Remember on The Wire, right before Michael killed Snoop, when she said (paraphrasing) “You never could have been one of us” — her way of saying that Michael just had too much of a conscience to be like Snoop, Chris, and Marlo? Well, I feel the same way about Drake and “being a fuckboy.” He makes fuckboy anthems — shit, he makes entire fuckboy albums — tries to do fuckboy things, dates fuckboy magnets, and even apparently became BFFs with Future, who’s basically Fuckboy Emeritus. But I just don’t think he has it in him to be that type of guy. He just seems to like women too much to be one. And not “likes women” in a “likes having sex with women” sense. (Although I assume he enjoys that too.) But actually likes their company, companionship, and friendship.
Of course, this is not a bad thing at all.
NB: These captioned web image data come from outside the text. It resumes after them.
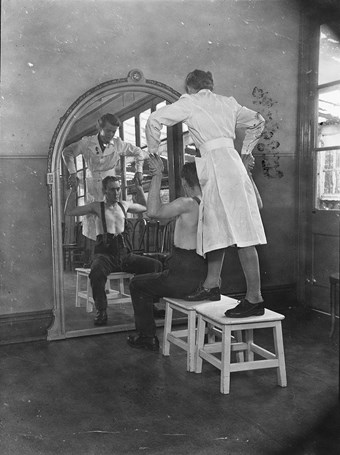 A physiotherapist directing remedial exercises, whilst standing on a stool behind a patient seated in front of a mirror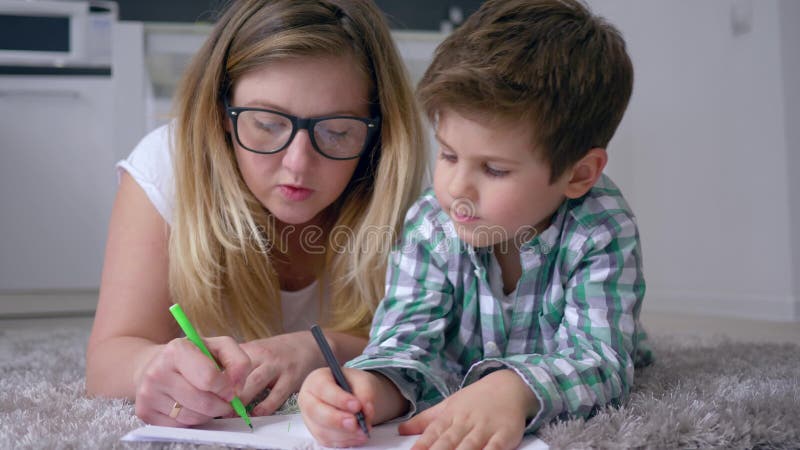 отношение Мат-ребенка, женское с мальчиком с покрашенными карандашами рисует изображения на листе лежа на поле в комнате
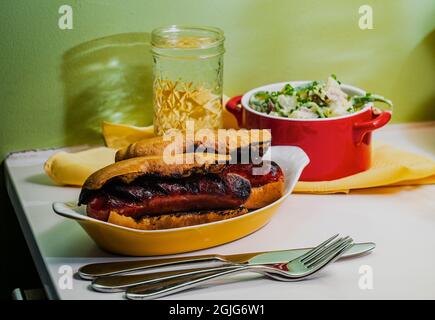 Sous-sandwich à la saucisse de kielbasa grillé au charbon de bois avec sauce à la déesse verte et salade de pommes de terre Banque D'Images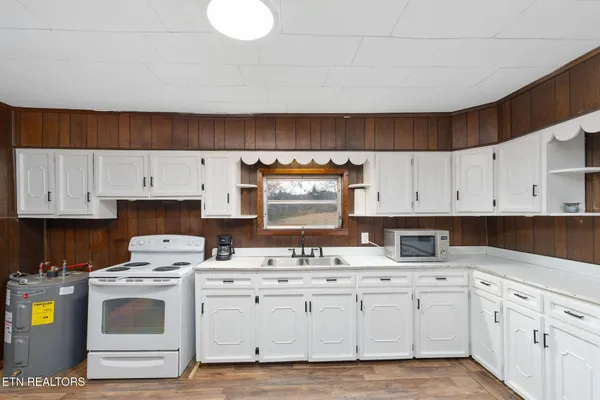 a kitchen with granite countertop a sink a stove and cabinets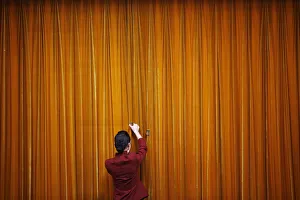An attendant puts clamps on a curtain inside the Great Hall of the People during the An attendant puts clamps on a curtain inside the Great Hall of the People during the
It’s actually, for lack of a better term, refreshing. And, with his H&M tux draped on his Dominican Uncle torso last night, his very obvious affection for Rihanna was palpable and endearing. Which is why her curve last night — and yes, she totally gave him the “we’re better as friends” cheek turn when he attempted to kiss her — was so cringe-worthy to watch. It was like throwing someone an alley oop…and then watching them just watch the ball drift out of bounds while they made no effort to get it.
Let’s watch again, from a different angle!
Now, to be fair, Rihanna’s reaction could have been less “awww, bless your little Canadian heart ” and more her being pissed that Drake was making her moment about himself. During his speech, I’m sure she was thinking what many of us were thinking while watching it: “This nigga better not propose.”